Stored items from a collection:
----------
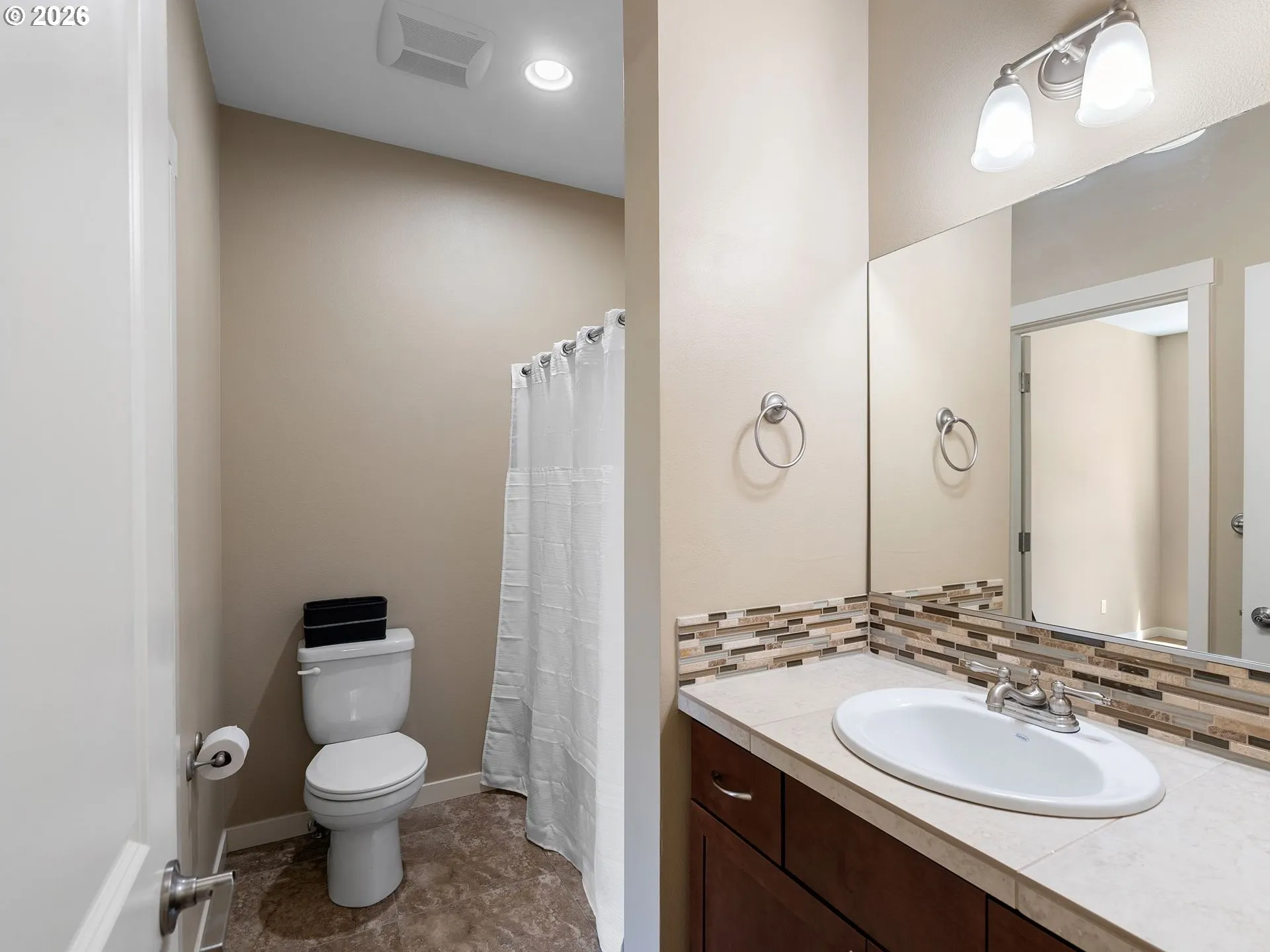 Bathroom-Upper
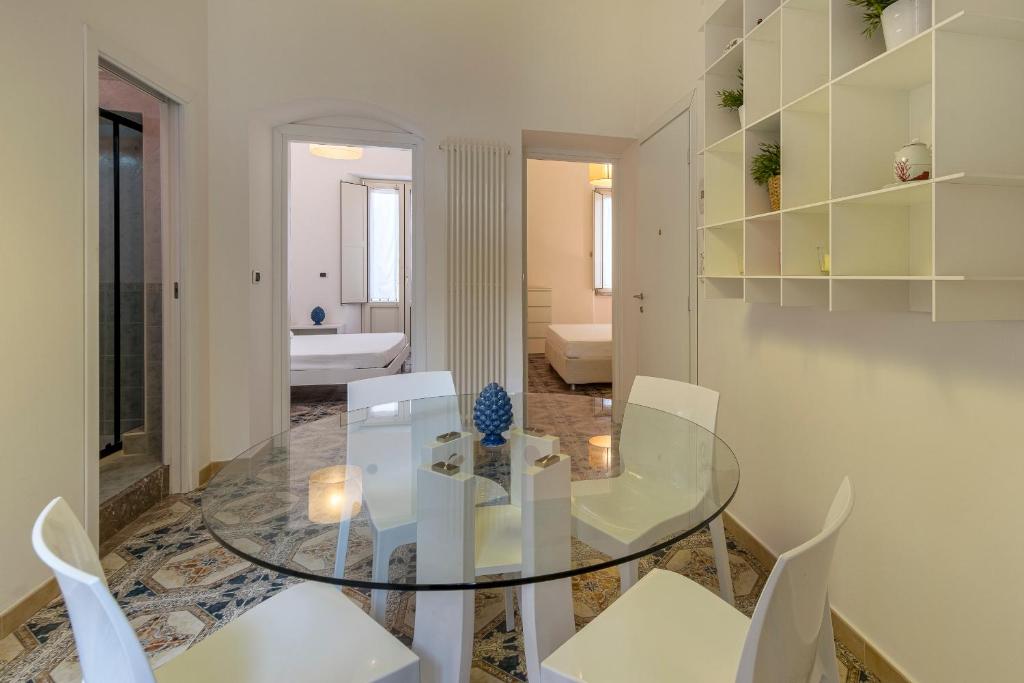 ELEGANT APARTMENT IN TAORMINA 4
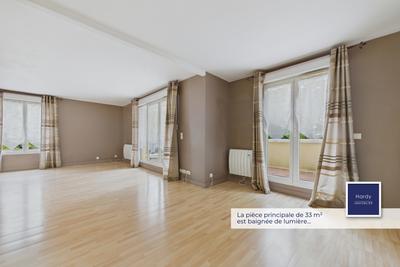 Appartement - 82 m² - 4 pièces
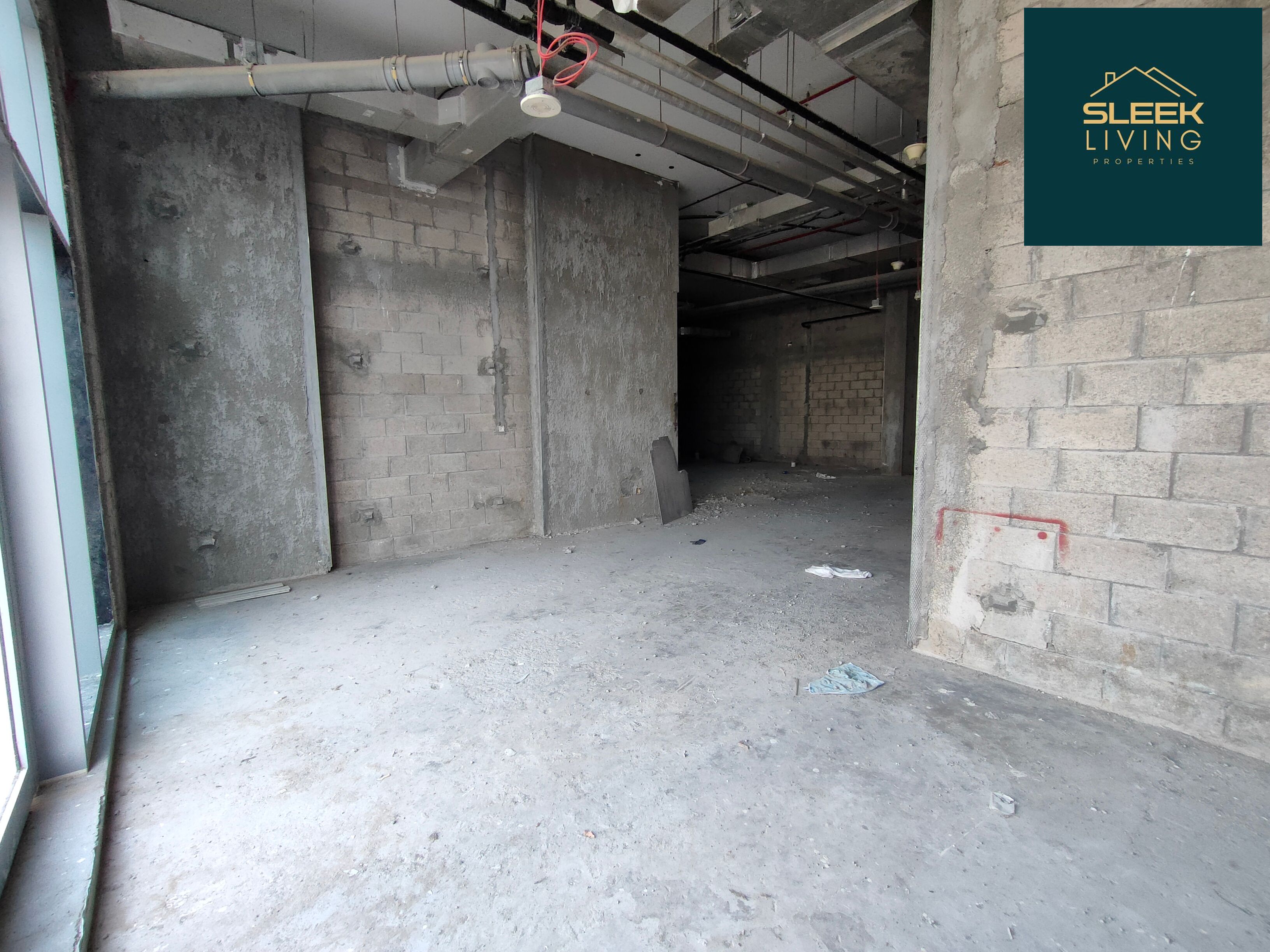 High Exposure | Main road outlet | Multiple Options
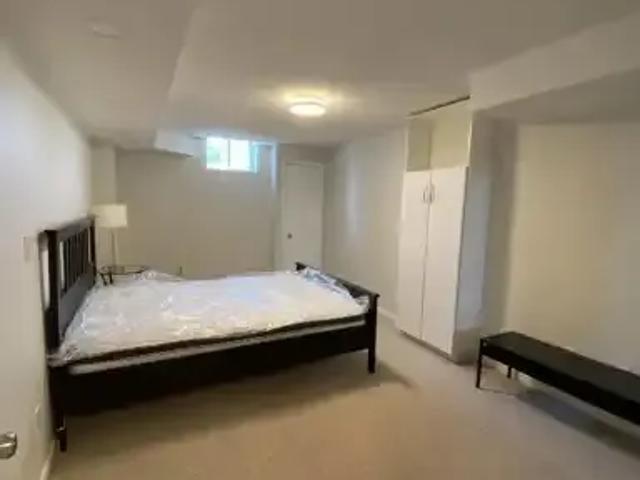 Townhouse for rent in Richmond Hill, Golden Horseshoe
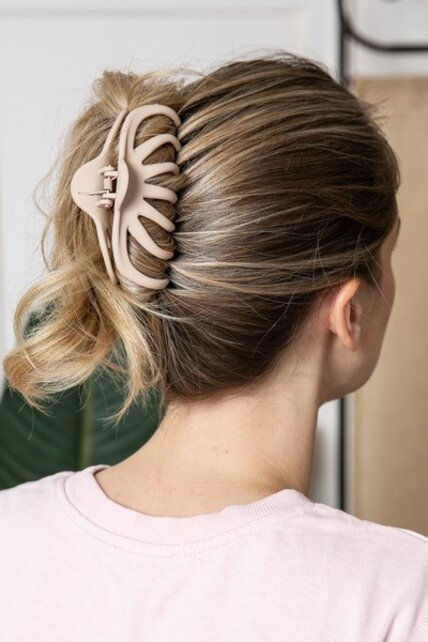 Over Sized Slicked Back Hair Claw Clips | 40H429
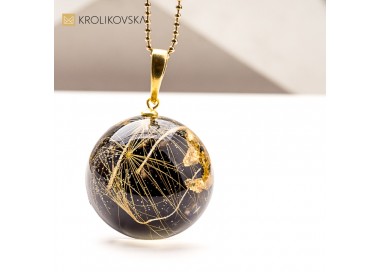 Naszyjnik z żywicy inspirowany zimowym ogrodem – prezent handmade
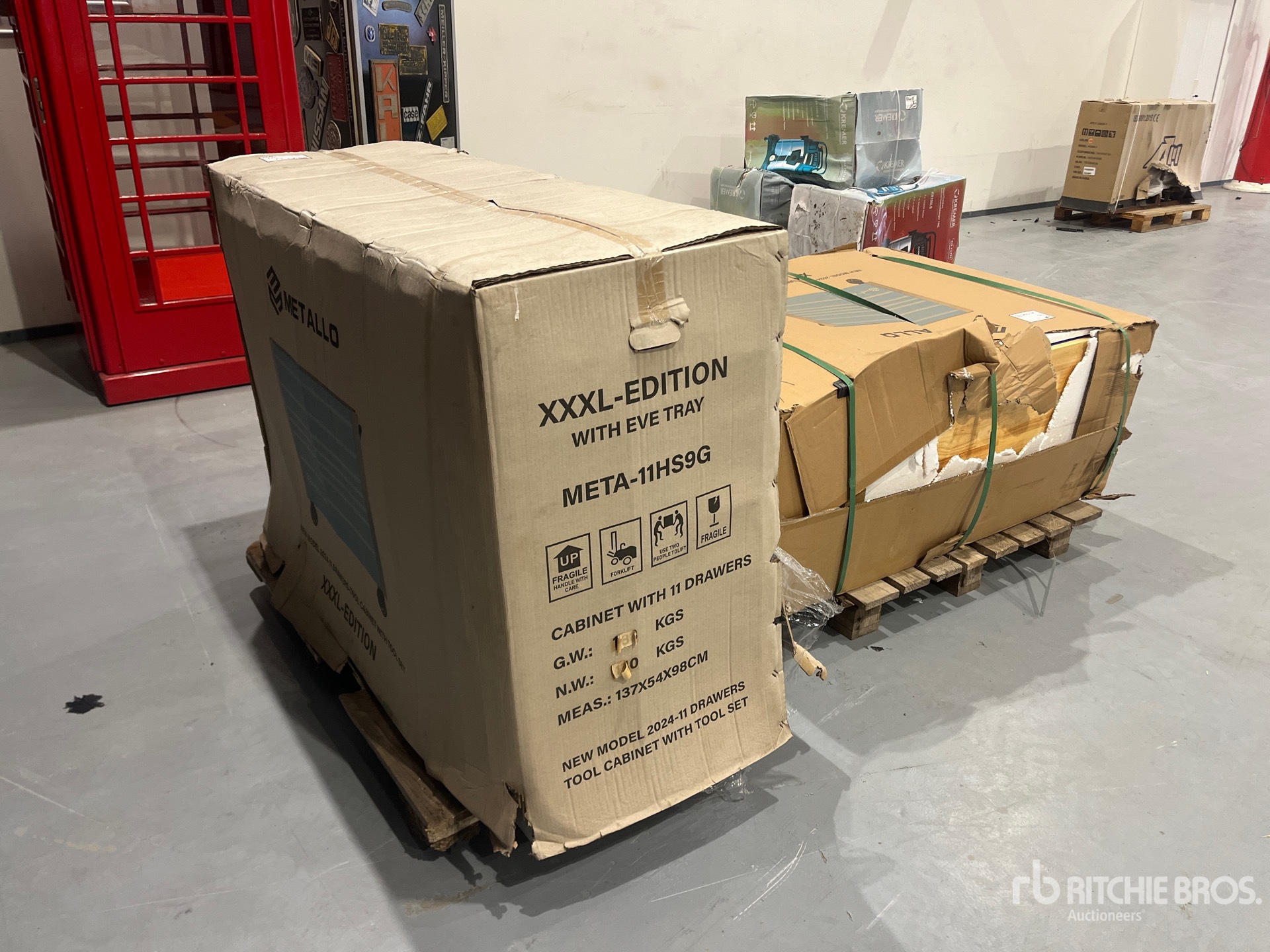 General Appearance with Picture, Right Front Corner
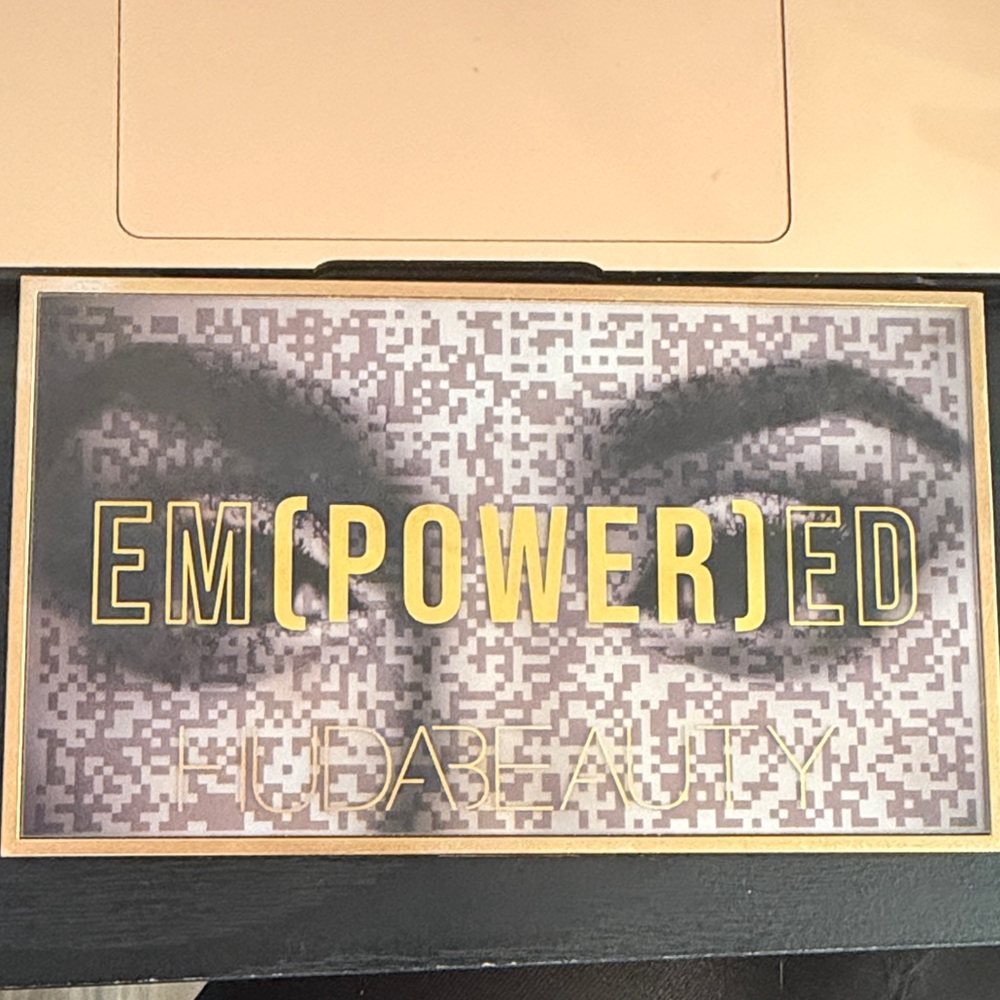 HUDA BEAUTY EM(POWER)ED Palette with Gold Accents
----------
▶ [WHAT THE TASK ASKS] Would you write out all of the data exactly as it stands, without the pictures?

▶ [EXERCISE ANSWER]
 Bathroom-Upper
 ELEGANT APARTMENT IN TAORMINA 4
 Appartement - 82 m² - 4 pièces
 High Exposure | Main road outlet | Multiple Options
 Townhouse for rent in Richmond Hill, Golden Horseshoe
 Over Sized Slicked Back Hair Claw Clips | 40H429
 Naszyjnik z żywicy inspirowany zimowym ogrodem – prezent handmade
 General Appearance with Picture, Right Front Corner
 HUDA BEAUTY EM(POWER)ED Palette with Gold Accents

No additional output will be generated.